Due occasioni per incontrare lo scultore giapponese 

Sarà piazza Jacopo della Quercia ad accogliere a Siena, la sera di venerdì 15 giugno alle 21,30, Etsuro Sotoo per la prima delle due conferenze toscane in programma per il prossimo fine settimana. Un luogo significativo perché delimitato dal perimetro del «Duomo nuovo», l’ambizioso progetto incompiuto che avrebbe dotato la città di una delle più grandi cattedrali del mondo. Nello spazio della chiesa mai finita lo scultore giapponese parlerà quindi del «tempio espiatorio» in costruzione a Barcellona.

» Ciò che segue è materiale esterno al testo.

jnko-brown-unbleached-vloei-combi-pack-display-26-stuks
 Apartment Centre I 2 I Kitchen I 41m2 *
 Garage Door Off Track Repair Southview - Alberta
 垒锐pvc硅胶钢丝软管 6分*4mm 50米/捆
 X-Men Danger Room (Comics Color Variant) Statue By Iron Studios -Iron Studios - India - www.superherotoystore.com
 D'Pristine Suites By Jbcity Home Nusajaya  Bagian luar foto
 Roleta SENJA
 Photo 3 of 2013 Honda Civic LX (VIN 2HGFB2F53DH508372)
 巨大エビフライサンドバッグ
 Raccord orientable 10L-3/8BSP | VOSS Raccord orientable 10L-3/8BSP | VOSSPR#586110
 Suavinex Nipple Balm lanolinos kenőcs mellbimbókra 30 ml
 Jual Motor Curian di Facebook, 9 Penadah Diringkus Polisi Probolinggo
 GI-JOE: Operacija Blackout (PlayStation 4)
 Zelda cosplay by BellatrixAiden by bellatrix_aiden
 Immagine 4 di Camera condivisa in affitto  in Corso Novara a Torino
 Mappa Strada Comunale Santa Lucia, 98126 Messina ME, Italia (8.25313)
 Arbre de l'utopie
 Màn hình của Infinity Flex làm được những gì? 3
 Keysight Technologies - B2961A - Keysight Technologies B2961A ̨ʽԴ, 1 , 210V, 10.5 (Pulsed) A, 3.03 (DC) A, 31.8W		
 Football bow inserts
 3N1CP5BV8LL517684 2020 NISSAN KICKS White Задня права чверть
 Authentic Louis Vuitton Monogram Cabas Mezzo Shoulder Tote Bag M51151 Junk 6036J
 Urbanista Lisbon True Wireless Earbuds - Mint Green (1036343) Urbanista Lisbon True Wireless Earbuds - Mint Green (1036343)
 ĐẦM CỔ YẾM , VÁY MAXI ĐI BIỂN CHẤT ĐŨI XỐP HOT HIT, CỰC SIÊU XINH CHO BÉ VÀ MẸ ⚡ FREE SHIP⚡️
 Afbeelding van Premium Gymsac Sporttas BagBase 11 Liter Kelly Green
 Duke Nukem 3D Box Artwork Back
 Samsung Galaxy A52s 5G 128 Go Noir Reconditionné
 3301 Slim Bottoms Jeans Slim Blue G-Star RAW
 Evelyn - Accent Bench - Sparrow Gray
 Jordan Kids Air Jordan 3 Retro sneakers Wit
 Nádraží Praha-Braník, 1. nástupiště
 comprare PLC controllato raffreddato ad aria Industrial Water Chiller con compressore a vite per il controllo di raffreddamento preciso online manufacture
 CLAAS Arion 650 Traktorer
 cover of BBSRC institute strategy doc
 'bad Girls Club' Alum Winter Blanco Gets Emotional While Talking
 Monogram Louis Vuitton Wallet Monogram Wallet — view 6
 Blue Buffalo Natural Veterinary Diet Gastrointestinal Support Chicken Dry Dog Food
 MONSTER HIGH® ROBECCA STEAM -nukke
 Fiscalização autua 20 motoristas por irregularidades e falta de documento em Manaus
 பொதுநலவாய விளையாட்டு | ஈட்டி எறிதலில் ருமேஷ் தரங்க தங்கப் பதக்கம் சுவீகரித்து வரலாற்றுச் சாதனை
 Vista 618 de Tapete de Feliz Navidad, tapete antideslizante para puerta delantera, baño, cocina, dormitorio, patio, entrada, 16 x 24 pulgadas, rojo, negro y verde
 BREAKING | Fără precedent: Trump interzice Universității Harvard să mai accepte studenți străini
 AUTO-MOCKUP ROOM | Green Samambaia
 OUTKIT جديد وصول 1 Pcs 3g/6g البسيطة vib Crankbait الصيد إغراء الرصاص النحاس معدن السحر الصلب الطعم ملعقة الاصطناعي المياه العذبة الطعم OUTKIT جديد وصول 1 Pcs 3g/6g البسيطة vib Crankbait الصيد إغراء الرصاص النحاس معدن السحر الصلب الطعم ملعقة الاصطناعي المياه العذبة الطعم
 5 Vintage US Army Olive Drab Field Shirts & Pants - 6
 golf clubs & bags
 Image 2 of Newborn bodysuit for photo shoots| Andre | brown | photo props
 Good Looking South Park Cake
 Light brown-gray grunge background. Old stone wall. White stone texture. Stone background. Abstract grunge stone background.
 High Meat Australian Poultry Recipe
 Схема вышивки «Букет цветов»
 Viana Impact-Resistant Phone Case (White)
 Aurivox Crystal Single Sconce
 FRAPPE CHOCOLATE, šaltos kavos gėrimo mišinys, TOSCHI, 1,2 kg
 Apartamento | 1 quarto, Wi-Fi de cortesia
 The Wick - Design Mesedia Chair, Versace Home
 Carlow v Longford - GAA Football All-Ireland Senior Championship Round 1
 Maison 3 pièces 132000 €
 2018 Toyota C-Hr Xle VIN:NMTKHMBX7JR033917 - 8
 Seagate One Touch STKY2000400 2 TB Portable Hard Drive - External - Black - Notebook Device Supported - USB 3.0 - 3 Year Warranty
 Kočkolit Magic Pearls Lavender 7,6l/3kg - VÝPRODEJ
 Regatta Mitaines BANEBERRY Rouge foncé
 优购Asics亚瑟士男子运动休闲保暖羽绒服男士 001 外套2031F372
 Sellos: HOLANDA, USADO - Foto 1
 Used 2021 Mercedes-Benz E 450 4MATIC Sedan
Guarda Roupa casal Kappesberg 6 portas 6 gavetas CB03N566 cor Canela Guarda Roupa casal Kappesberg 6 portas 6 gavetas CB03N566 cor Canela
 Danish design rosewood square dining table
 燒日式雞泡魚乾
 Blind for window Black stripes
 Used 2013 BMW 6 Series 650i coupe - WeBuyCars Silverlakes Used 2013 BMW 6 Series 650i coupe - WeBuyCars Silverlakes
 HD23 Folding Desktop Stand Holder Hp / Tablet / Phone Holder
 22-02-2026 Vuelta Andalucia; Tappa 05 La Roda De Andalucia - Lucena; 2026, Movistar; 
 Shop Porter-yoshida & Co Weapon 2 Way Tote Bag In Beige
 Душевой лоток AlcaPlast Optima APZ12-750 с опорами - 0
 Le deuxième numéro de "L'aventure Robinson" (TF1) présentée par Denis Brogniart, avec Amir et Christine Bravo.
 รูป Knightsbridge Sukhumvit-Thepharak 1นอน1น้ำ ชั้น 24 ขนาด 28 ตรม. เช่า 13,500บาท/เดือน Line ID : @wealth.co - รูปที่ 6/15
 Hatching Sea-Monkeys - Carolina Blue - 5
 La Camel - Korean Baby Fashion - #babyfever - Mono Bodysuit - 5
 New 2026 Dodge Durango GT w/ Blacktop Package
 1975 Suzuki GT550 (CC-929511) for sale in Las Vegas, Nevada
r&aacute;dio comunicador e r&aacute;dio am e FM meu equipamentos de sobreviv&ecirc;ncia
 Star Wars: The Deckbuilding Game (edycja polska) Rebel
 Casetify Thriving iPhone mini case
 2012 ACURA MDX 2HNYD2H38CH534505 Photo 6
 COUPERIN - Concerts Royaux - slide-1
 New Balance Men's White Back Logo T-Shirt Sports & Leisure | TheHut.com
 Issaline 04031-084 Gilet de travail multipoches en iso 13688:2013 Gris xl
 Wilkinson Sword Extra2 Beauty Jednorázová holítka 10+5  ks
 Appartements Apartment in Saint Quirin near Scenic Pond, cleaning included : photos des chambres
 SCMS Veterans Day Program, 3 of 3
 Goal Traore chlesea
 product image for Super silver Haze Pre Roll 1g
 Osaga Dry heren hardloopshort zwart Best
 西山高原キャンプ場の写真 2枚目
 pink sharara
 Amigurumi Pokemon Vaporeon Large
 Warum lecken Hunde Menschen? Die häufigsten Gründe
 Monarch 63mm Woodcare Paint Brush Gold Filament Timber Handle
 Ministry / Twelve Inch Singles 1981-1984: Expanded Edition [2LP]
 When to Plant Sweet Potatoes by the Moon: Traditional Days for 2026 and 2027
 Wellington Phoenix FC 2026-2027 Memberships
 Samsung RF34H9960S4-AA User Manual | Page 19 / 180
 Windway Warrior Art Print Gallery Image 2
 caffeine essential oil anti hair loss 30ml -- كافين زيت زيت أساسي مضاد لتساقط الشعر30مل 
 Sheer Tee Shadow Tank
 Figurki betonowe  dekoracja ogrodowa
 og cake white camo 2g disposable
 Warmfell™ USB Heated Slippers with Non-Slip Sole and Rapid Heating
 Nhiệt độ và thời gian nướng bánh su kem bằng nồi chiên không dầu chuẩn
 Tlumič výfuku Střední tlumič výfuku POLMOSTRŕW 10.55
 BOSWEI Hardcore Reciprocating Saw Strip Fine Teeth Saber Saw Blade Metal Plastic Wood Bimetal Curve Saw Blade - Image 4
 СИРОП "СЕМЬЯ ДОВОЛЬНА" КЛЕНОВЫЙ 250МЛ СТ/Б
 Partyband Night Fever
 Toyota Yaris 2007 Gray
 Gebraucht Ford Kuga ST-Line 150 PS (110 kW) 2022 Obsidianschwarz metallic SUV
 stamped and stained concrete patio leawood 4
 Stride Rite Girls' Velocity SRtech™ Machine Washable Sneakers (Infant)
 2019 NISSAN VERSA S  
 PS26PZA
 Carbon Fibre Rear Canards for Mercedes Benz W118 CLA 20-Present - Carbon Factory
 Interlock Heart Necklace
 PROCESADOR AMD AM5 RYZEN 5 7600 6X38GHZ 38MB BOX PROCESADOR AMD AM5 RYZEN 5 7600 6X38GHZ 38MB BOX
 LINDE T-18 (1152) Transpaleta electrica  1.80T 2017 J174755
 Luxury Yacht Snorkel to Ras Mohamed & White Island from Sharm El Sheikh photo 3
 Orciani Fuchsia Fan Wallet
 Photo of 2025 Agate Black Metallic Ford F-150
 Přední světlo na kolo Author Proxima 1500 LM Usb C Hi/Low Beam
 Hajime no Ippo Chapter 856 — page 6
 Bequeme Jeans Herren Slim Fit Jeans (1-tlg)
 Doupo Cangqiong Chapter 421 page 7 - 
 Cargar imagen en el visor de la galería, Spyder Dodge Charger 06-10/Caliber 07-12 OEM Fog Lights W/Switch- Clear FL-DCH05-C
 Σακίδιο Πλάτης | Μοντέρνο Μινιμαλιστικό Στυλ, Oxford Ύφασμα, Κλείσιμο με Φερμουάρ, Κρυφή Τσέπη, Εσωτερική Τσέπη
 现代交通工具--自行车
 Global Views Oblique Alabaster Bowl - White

L’incontro, promosso dalla «Compagnia di Carla» in collaborazione con Student Office Siena e con il Meeting di Rimini, è dedicato al tema «La bellezza, la città». Nella concezione e nell’esperienza artistica di Gaudí, la bellezza è «lo splendore della verità», e siccome l’arte è bellezza, «senza verità non c’è arte». E la strada per conoscere la verità è «conoscere bene gli esseri del mondo creato», guardare quindi alla natura come manifestazione di Dio, come testimoniano praticamente tutte le opere dell’architetto catalano. Durante la conferenza senese sarà presentato in anteprima «Dalla pietra al Maestro. Etsuro Sotoo lo scalpello di Dio», libro-intervista di Etsuro Sotoo e José Manuel Almuzara, a cura di Marta Graupera (Edizioni Cantagalli), in uscita per il Meeting di Rimini 2007.

La mattina successiva, sabato 16 alle ore 9,45, sarà il Salone dei Cinquecento di Palazzo Vecchio ad ospitare a Firenze Etsuro Sotoo, su iniziativa della Compagnia delle Opere toscana e il patrocinio del Comune, del Consolato onorario di Spagna e dei locali ordini professionali degli Architetti e degli Ingegneri. «Costruire una cattedrale, costruire la città» l’argomento fissato per l’incontro. La storia stessa delle nostre città toscane è la dimostrazione evidente che, come diceva Gaudí, non è l’artista a creare ma Dio attraverso di lui, così come oggi ne è simbolo universale la Sagrada Familia. E la strada per continuare a costruire, allora, non può che stare nella stessa intuizione di Etsuro Sotoo: essere capaci di guardare dove guardava chi ci ha preceduto in quest’opera.